◆ Task details: In the listing below, a line holding "Ремінь генератора MB" and a line holding "Чай шен пуэр Бан Сян Тан Бада 357г." mark the range. Retype both exactly, with all lines between them.
=== Section Start ===
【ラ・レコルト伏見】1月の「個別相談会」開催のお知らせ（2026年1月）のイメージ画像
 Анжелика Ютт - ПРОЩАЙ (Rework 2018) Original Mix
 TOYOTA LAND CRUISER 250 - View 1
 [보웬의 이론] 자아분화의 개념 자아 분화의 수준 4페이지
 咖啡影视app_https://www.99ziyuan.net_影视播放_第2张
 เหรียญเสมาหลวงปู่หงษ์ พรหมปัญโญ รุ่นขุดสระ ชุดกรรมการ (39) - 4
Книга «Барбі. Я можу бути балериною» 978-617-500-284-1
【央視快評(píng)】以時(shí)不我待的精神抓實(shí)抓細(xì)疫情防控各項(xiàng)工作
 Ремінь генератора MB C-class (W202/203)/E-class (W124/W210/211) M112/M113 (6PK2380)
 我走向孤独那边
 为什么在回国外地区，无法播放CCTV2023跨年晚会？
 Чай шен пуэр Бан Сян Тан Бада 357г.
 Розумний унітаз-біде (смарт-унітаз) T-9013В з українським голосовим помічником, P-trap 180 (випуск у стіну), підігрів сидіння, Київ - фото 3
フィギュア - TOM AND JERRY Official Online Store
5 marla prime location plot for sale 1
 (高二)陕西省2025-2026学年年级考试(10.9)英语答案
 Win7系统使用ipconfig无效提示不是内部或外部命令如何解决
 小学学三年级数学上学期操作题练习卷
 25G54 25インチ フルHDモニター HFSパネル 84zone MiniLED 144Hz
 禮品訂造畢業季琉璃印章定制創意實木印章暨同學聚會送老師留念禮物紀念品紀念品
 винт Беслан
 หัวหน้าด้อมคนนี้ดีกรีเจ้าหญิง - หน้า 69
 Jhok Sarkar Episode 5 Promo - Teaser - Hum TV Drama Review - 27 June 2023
=== Section End ===
◆ Result of the exercise:
 Ремінь генератора MB C-class (W202/203)/E-class (W124/W210/211) M112/M113 (6PK2380)
 我走向孤独那边
 为什么在回国外地区，无法播放CCTV2023跨年晚会？
 Чай шен пуэр Бан Сян Тан Бада 357г.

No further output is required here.